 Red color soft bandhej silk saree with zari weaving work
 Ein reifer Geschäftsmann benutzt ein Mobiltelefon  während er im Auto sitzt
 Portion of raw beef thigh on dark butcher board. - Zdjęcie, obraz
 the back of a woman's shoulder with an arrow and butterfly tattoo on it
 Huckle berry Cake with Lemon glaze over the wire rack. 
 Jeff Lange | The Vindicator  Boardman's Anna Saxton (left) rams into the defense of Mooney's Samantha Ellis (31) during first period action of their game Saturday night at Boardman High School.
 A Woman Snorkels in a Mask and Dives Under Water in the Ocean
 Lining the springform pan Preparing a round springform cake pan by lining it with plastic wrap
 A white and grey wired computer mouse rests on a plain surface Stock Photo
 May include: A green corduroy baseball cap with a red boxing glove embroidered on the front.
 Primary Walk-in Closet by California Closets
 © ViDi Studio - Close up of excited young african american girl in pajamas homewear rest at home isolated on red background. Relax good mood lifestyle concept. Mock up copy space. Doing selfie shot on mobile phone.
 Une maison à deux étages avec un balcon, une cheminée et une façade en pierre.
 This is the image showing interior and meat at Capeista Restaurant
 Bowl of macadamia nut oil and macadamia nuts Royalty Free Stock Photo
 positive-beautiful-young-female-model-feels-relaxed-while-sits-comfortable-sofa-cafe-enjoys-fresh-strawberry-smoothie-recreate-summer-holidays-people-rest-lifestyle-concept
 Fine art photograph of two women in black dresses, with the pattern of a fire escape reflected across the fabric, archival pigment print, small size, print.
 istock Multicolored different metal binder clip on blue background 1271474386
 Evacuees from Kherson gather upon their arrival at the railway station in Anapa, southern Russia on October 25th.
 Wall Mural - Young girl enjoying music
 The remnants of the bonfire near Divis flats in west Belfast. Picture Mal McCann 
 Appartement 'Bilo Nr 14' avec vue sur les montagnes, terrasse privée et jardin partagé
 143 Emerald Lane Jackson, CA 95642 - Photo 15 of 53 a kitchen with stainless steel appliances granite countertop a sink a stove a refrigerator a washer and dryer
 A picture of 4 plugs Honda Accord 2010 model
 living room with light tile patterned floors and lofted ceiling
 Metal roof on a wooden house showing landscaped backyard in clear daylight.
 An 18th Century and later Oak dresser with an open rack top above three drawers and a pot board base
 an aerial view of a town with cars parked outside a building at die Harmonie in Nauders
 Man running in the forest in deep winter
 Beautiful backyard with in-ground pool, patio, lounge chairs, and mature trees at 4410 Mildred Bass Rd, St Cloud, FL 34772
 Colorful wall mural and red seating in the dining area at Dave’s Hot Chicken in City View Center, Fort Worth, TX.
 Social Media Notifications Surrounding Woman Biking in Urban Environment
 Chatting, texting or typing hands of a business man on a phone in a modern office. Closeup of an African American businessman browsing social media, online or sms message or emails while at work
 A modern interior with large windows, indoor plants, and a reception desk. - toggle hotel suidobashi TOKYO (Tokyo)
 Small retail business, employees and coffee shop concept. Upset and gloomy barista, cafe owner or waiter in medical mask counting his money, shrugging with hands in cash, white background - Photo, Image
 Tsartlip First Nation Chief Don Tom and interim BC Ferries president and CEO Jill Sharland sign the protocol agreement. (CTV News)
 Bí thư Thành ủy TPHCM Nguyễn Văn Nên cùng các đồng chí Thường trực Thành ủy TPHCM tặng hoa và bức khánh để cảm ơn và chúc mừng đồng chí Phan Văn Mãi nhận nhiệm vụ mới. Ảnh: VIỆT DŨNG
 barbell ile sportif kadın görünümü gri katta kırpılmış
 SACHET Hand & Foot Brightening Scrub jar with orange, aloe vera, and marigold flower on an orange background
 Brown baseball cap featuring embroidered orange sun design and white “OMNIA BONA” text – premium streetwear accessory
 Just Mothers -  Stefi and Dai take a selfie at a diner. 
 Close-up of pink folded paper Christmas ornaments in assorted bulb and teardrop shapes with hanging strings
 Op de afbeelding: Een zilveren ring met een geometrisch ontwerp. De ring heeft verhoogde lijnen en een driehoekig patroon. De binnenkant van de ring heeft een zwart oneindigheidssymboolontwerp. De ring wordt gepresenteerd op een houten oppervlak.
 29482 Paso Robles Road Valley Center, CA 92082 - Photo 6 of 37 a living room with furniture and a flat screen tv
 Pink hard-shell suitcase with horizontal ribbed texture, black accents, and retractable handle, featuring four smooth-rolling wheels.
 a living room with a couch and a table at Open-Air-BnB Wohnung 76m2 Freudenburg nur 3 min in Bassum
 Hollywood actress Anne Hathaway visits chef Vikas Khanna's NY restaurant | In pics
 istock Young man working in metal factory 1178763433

● WORK REQUEST
Begin with the first line of the records and reproduce each line as is, ending with the line that holds "A white and".

● ANSWER SPACE
 Red color soft bandhej silk saree with zari weaving work
 Ein reifer Geschäftsmann benutzt ein Mobiltelefon  während er im Auto sitzt
 Portion of raw beef thigh on dark butcher board. - Zdjęcie, obraz
 the back of a woman's shoulder with an arrow and butterfly tattoo on it
 Huckle berry Cake with Lemon glaze over the wire rack. 
 Jeff Lange | The Vindicator  Boardman's Anna Saxton (left) rams into the defense of Mooney's Samantha Ellis (31) during first period action of their game Saturday night at Boardman High School.
 A Woman Snorkels in a Mask and Dives Under Water in the Ocean
 Lining the springform pan Preparing a round springform cake pan by lining it with plastic wrap
 A white and grey wired computer mouse rests on a plain surface Stock Photo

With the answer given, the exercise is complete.